I've been trying to code a UTF-16 string structure, and although the standard library provides a unicode module, it doesn't seem to provide a way to print out a slice of u16. I've tried this:

const std = @import("std");
const unicode = std.unicode;
const stdout = std.io.getStdOut().outStream();

pub fn main() !void {
    const unicode_str = unicode.utf8ToUtf16LeStringLiteral("😎 hello! 😎");
    try stdout.print("{}\n", .{unicode_str});
}

This outputs:

[12:0]u16@202e9c

Is there a way to print a unicode string ([]u16) without converting it back into a non-unicode string ([]u8)?


Solution

  • Both []const u8 and []const u16 store encoded unicode codepoints. Unicode codepoints fit within the range 0..1,114,112 so an actual unicode string with one array index per codepoint would have to be []const u21. utf-8 and utf-16 both require encoding for codepoints that don't fit. Unless there is a compatability reason for utf-16 (like some windows functions), you should probably be using []const u8 unicode strings.

    To print utf-16 to a utf-8 stream, you have to decode utf-16 and re-encode it into utf-8. There is currently no formatting specifier to do this automatically.

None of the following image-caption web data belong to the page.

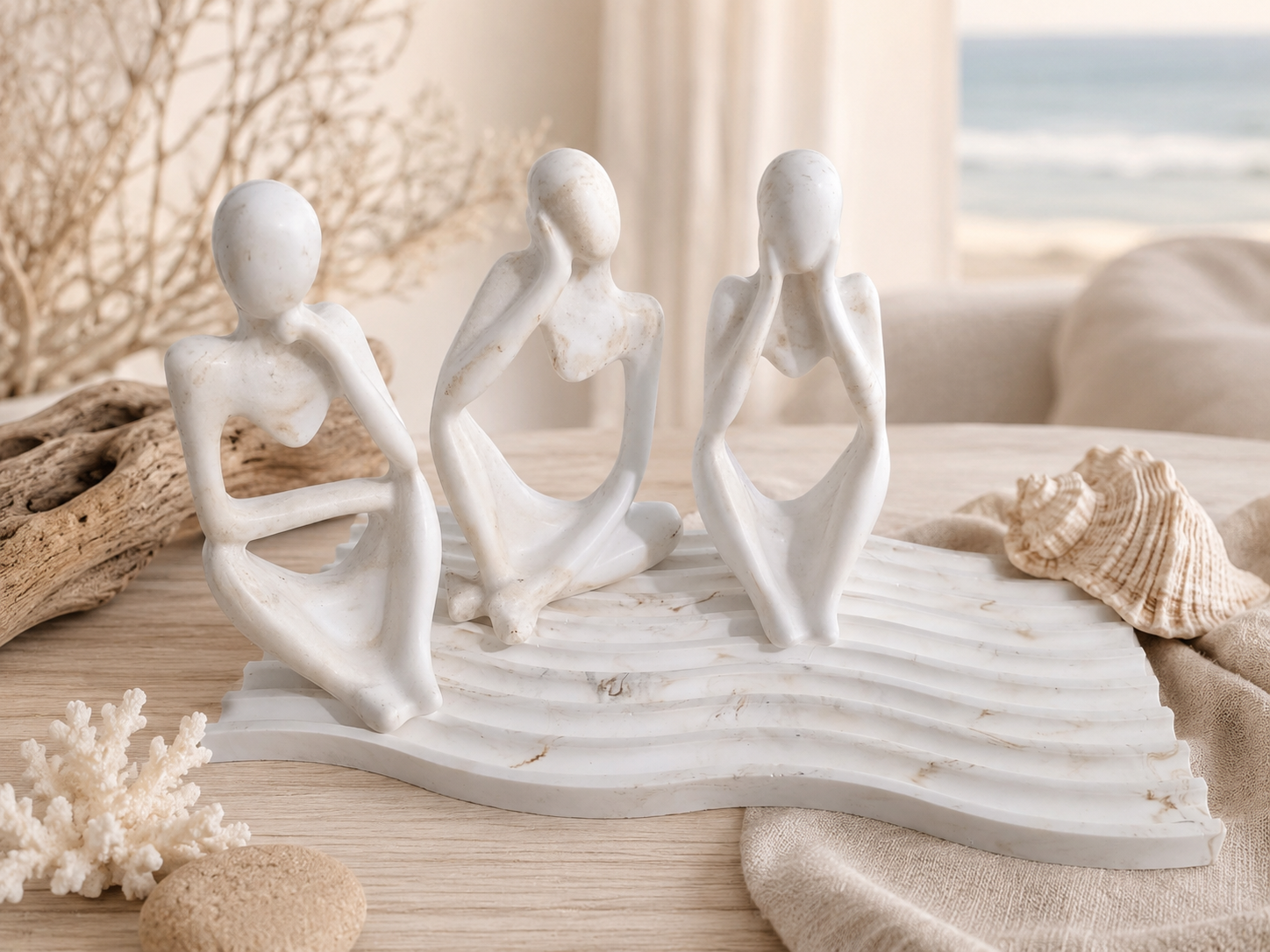 Three abstract seated female figurines in a monochrome off-white finish, arranged on a wave-like base with beach-themed decor including driftwood, coral, and a seashell in a softly lit indoor setting.
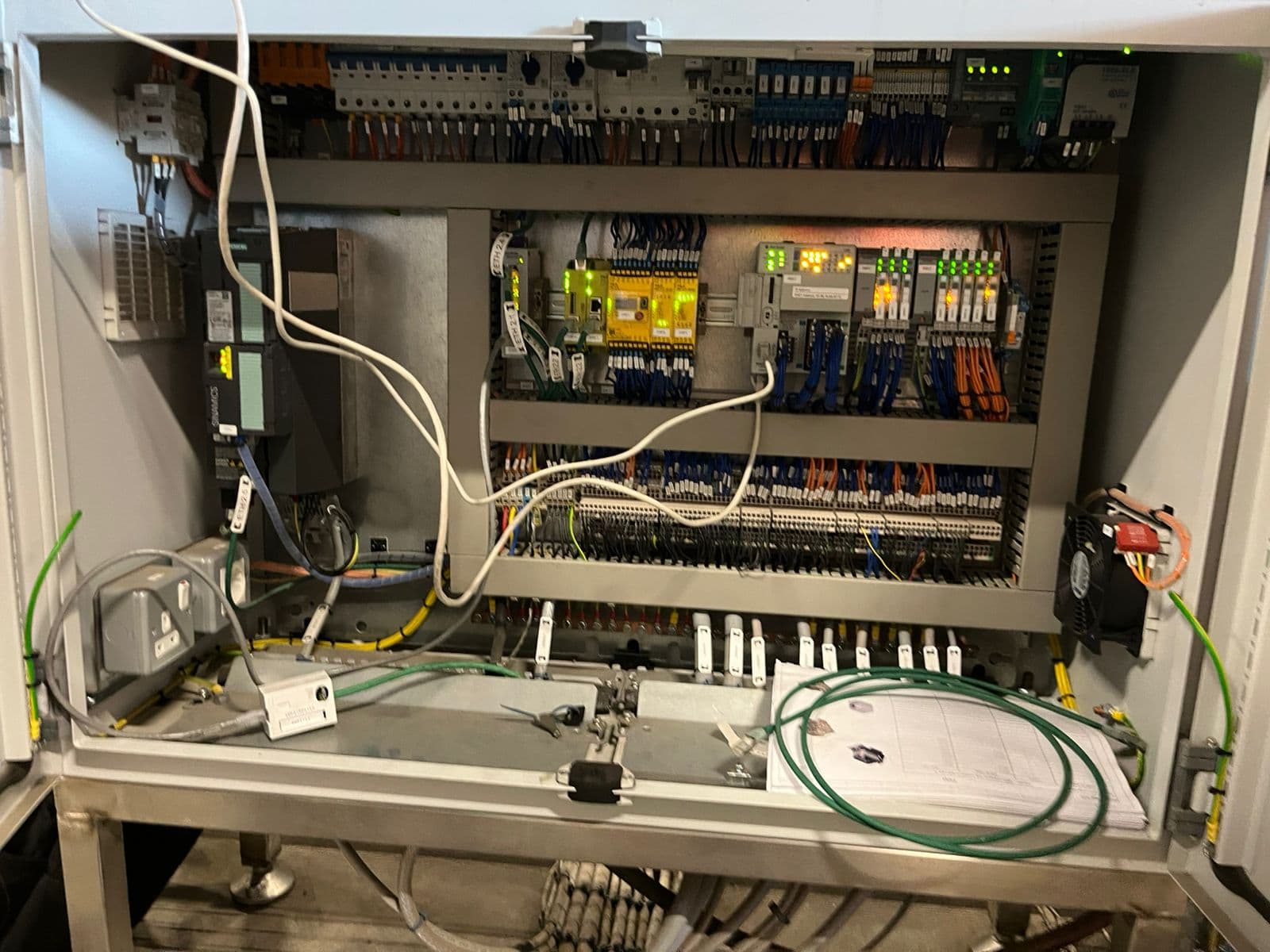 Open control panel showing a yellow PILZ safety relay wired alongside a Siemens SINAMICS drive and distributed safety I/O.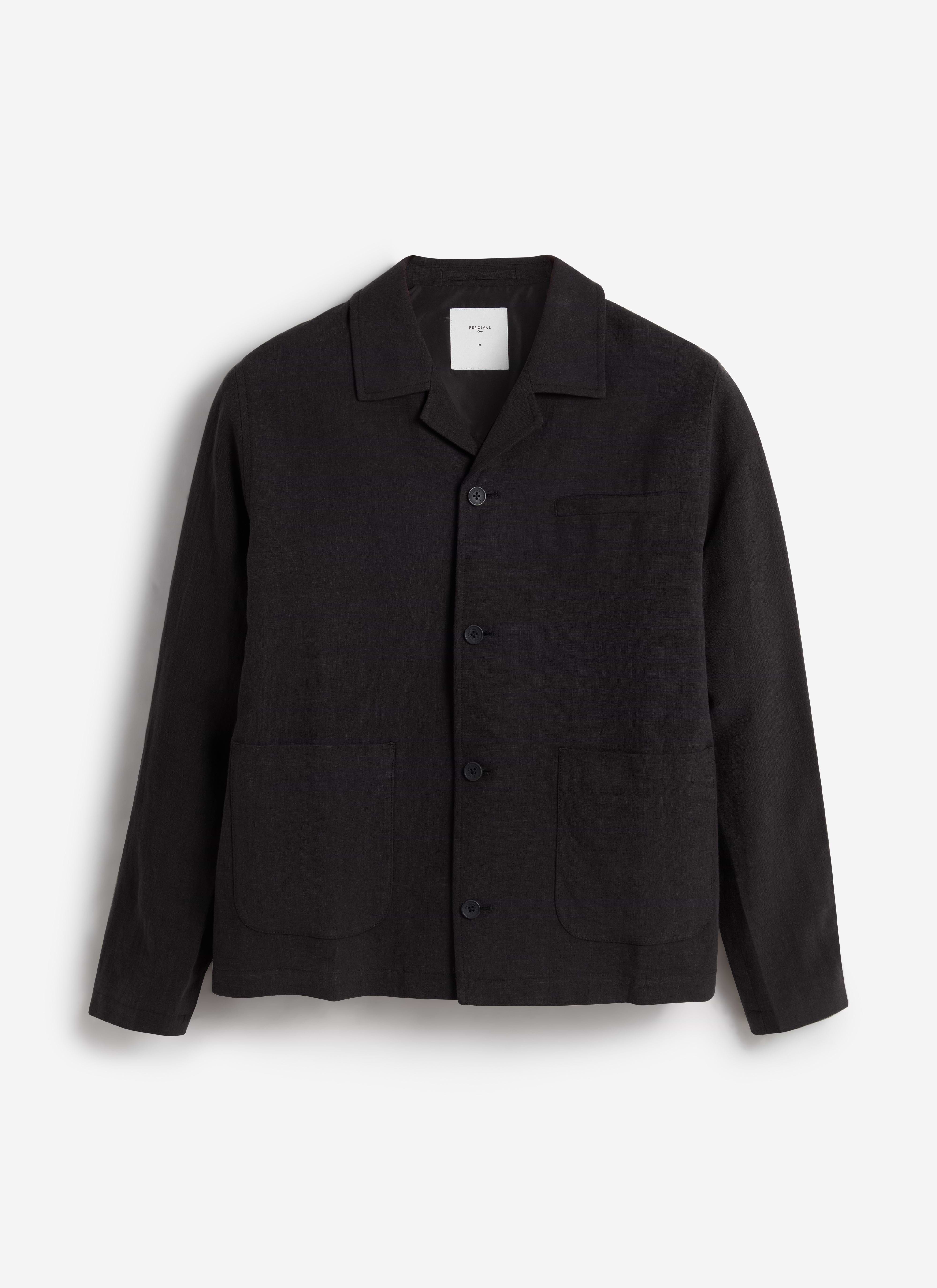 A flat lay of the Percival Linen Overshirt in black, showing its button front, collar and three front pockets.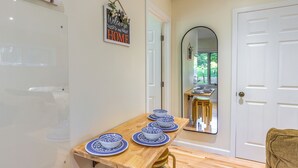 Un comedor con una mesa de madera dispuesta con platos azules y blancos, un espejo en la pared y una puerta a la derecha.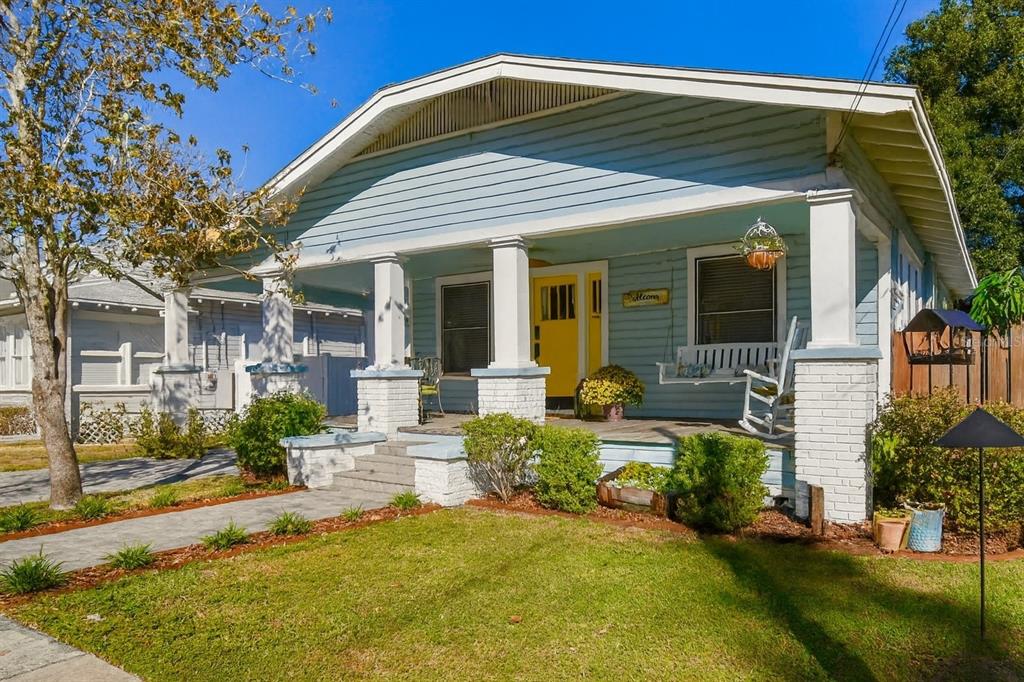 A light blue bungalow with a front porch, white columns, and a bright yellow door — 906 E HAMILTON AVENUE, TAMPA, FL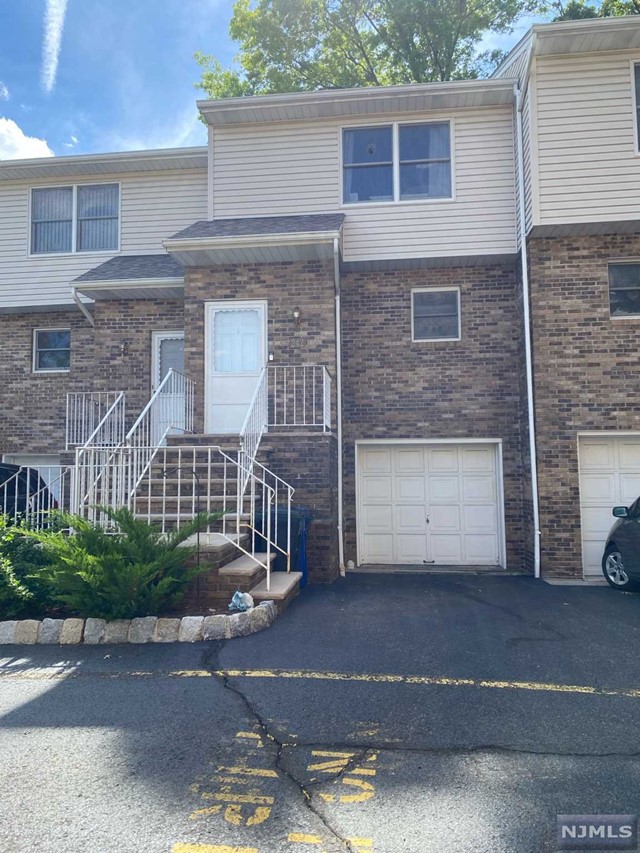 Beautiful, Spacious 2 bedrooms townhouse, conveniently located with in short distance to center of town, shopping, local and NYC transportation.Finished basement, laundry and utility room. This townhouse also features open concept first floor, kit,dinning room/living room with fireplace and sliding door to deck. On the second floor large master bedroom/ fbth, bedroom.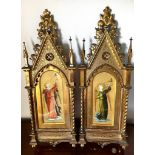 PAIR OF ELABORATE AND GILDED AND CARVED ARCHED FRAMES ENCLOSING IMAGES OF GILDED ANGELS, EARLY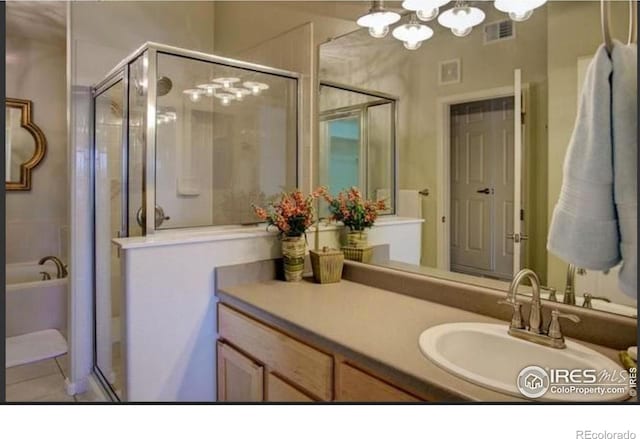 full bath with visible vents, tile patterned flooring, a shower stall, vanity, and a chandelier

    You can either convert the entire string at once, requiring allocation:

    const utf8string = try std.unicode.utf16leToUtf8Alloc(alloc, utf16le);
    

    Or, without allocation:

    var writer = std.io.getStdOut().writer();
    var it = std.unicode.Utf16LeIterator.init(utf16le);
    while (try it.nextCodepoint()) |codepoint| {
        var buf: [4]u8 = [_]u8{undefined} ** 4;
        const len = try std.unicode.utf8Encode(codepoint, &buf);
        try writer.writeAll(buf[0..len]);
    }
    

    Note that this will be very slow without using a buffered writer if you are writing somewhere that requires a syscall to write.